Image-text web data:
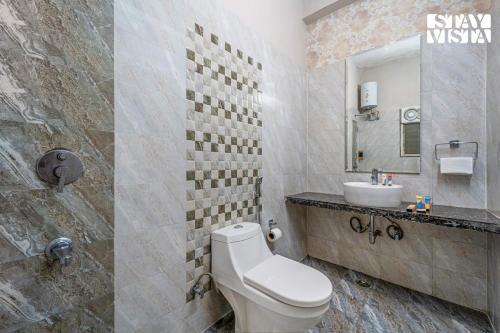 a bathroom with a white toilet and a sink at StayVista at Sitara with Jacuzzi & WiFi in Jaipur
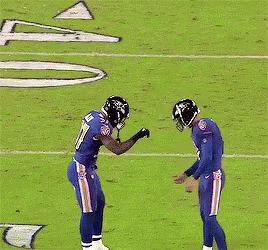 a football player with the number 37 on his jersey stands on the field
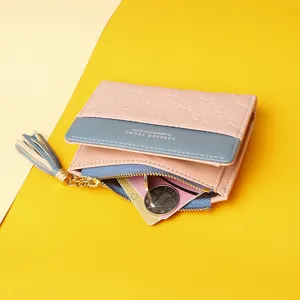 Close-up of a pink and blue color-block women's wallet showing the tassel zipper and coin slot.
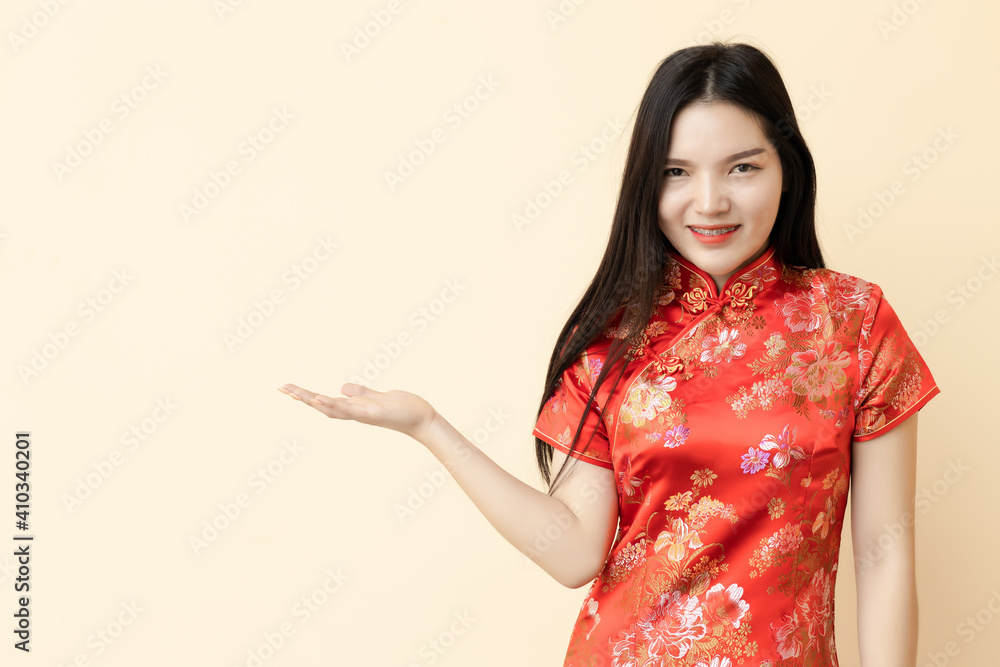 Chinese teen girl in present show giving or sale promotion posture dressing Qipao traditional cloth. Chinese teen girl in present show giving or sale promotion posture dressing Qipao traditional cloth.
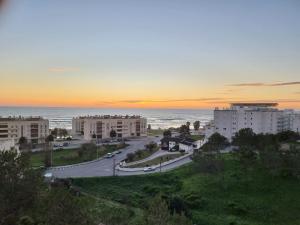 a road in a city with buildings and the ocean at Quinta das Rosas - Beach and Mountain apartment in Buarcos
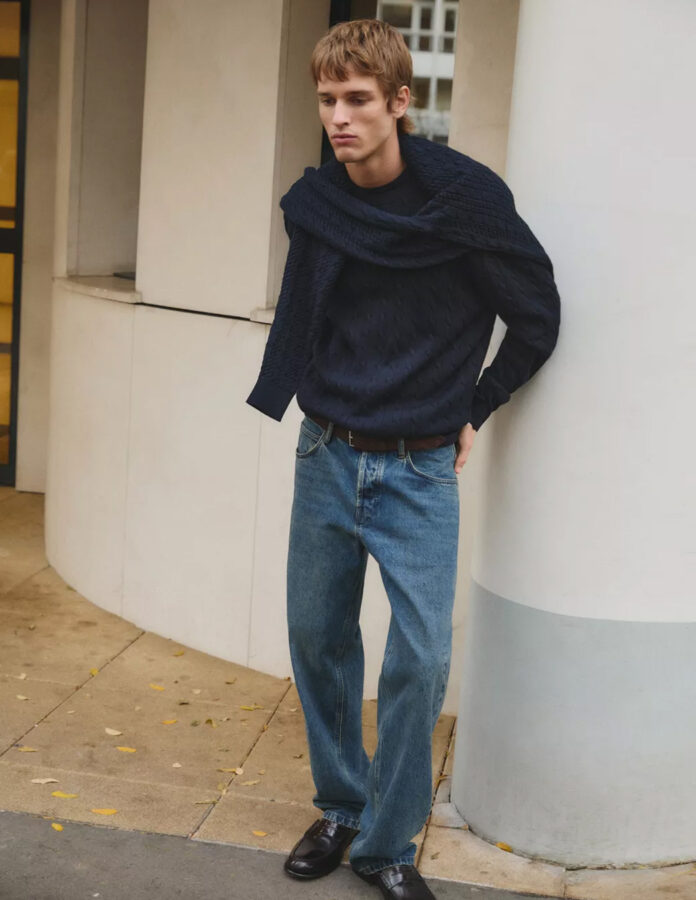 Modelo Jeray Allgayer vestido con un jersey de punto azul marino y otro jersey sobre los hombros, unos vaqueros y unos mocasines negros.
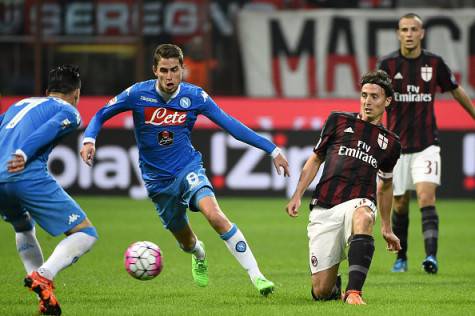 AC Milan's midfielder Riccardo Montolivo (R) vies for the ball with Napoli's Brazilian midfielder Jorginho (C) during the Italian Serie A football match between AC Milan and Napoli at San Siro Stadium in Milan on October 4,  2015. AFP PHOTO / OLIVIER MORIN        (Photo credit should read OLIVIER MORIN/AFP/Getty Images)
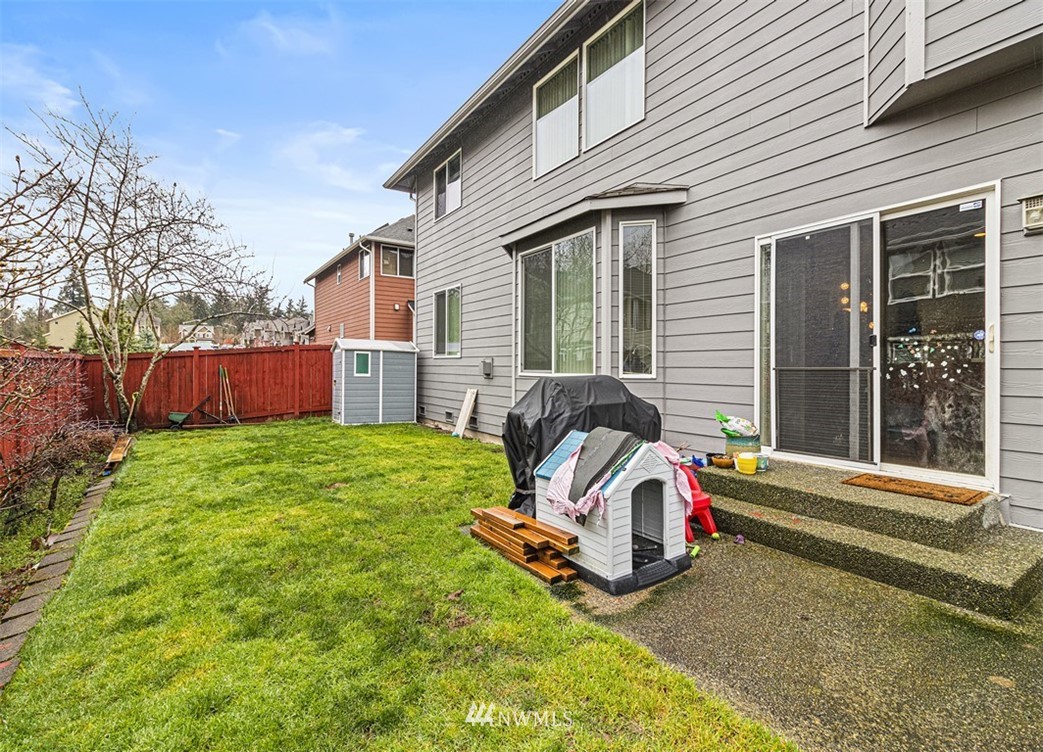 910 South 48th Street Renton, WA 98055 - Photo 28 of 30 a view of backyard with small play house and slide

_Activity_
What is needed is an exact copy of the entries above, with no images in it.

_Answer to this exercise_
 a bathroom with a white toilet and a sink at StayVista at Sitara with Jacuzzi & WiFi in Jaipur
 a football player with the number 37 on his jersey stands on the field
 Close-up of a pink and blue color-block women's wallet showing the tassel zipper and coin slot.
 Chinese teen girl in present show giving or sale promotion posture dressing Qipao traditional cloth. Chinese teen girl in present show giving or sale promotion posture dressing Qipao traditional cloth.
 a road in a city with buildings and the ocean at Quinta das Rosas - Beach and Mountain apartment in Buarcos
 Modelo Jeray Allgayer vestido con un jersey de punto azul marino y otro jersey sobre los hombros, unos vaqueros y unos mocasines negros.
 AC Milan's midfielder Riccardo Montolivo (R) vies for the ball with Napoli's Brazilian midfielder Jorginho (C) during the Italian Serie A football match between AC Milan and Napoli at San Siro Stadium in Milan on October 4,  2015. AFP PHOTO / OLIVIER MORIN        (Photo credit should read OLIVIER MORIN/AFP/Getty Images)
 910 South 48th Street Renton, WA 98055 - Photo 28 of 30 a view of backyard with small play house and slide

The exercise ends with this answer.